My Octopus Teacher nos brinda la posibilidad de elegir ver. Podemos quedarnos con el entretenimiento de la maravillosa e interesante historia de Craig Foster o podemos, además, decidir entender la urgencia de atender la crisis socioambiental en la que nos encontramos. Podemos regresar nuestra mirada hacia las protestas y las palabras de los ambientalistas. Podemos elegir cuestionar de fondo la materialización de la naturaleza y la fragmentación del conocimiento. Podemos elegir el cuidado y el respeto, la observación, la escucha y la empatía. Podemos elegir seguir trabajando en encontrarnos más allá de nosotros y saber ser uno con lo otro.
Muchas veces me cuestiono si reconocer y priorizar la sensibilidad por encima del deseo, de las aspiraciones confundidas, del miedo a la pérdida y al cambio nos puede ayudar a atender esa acelerada y constante destrucción de la naturaleza. Si nos ayudará a dejar de desasociarnos de ella y si podemos incluir esa vulnerabilidad para confrontar colectivamente las raíces sistémicas de esta crisis.

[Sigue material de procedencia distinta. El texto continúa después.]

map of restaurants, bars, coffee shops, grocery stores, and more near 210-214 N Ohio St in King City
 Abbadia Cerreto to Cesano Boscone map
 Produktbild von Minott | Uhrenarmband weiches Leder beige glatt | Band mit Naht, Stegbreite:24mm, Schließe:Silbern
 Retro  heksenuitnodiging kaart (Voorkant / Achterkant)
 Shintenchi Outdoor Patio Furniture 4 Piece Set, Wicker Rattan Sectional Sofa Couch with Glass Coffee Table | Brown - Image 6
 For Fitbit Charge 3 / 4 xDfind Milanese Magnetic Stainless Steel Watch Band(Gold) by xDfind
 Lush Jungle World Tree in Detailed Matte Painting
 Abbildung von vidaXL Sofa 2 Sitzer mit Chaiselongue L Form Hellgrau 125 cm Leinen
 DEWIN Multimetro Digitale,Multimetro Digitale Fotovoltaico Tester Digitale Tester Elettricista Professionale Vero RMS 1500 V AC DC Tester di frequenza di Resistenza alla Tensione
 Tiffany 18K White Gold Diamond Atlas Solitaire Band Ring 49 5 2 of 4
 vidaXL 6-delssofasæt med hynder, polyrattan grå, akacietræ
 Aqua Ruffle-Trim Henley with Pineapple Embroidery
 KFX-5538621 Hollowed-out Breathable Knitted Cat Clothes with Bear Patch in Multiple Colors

Pensar en dificultades, catástrofes, desigualdad y violencia abruma, da miedo, implica esfuerzo y mucho trabajo. Pero negarse a aceptar nuestra vulnerabilidad, ya sea en una película que nos conmueve o en el enorme riesgo que representa el comportamiento humano para el planeta, no hará que desaparezca el problema; si acaso lo hará más grande. Quizá atreverse a mirar, a exponerse y correr los riesgos valga la pena. Quizá la vulnerabilidad en lugar de obstaculizarnos y hacernos huir, se puede utilizar a favor de la lucha por el bienestar y la justicia.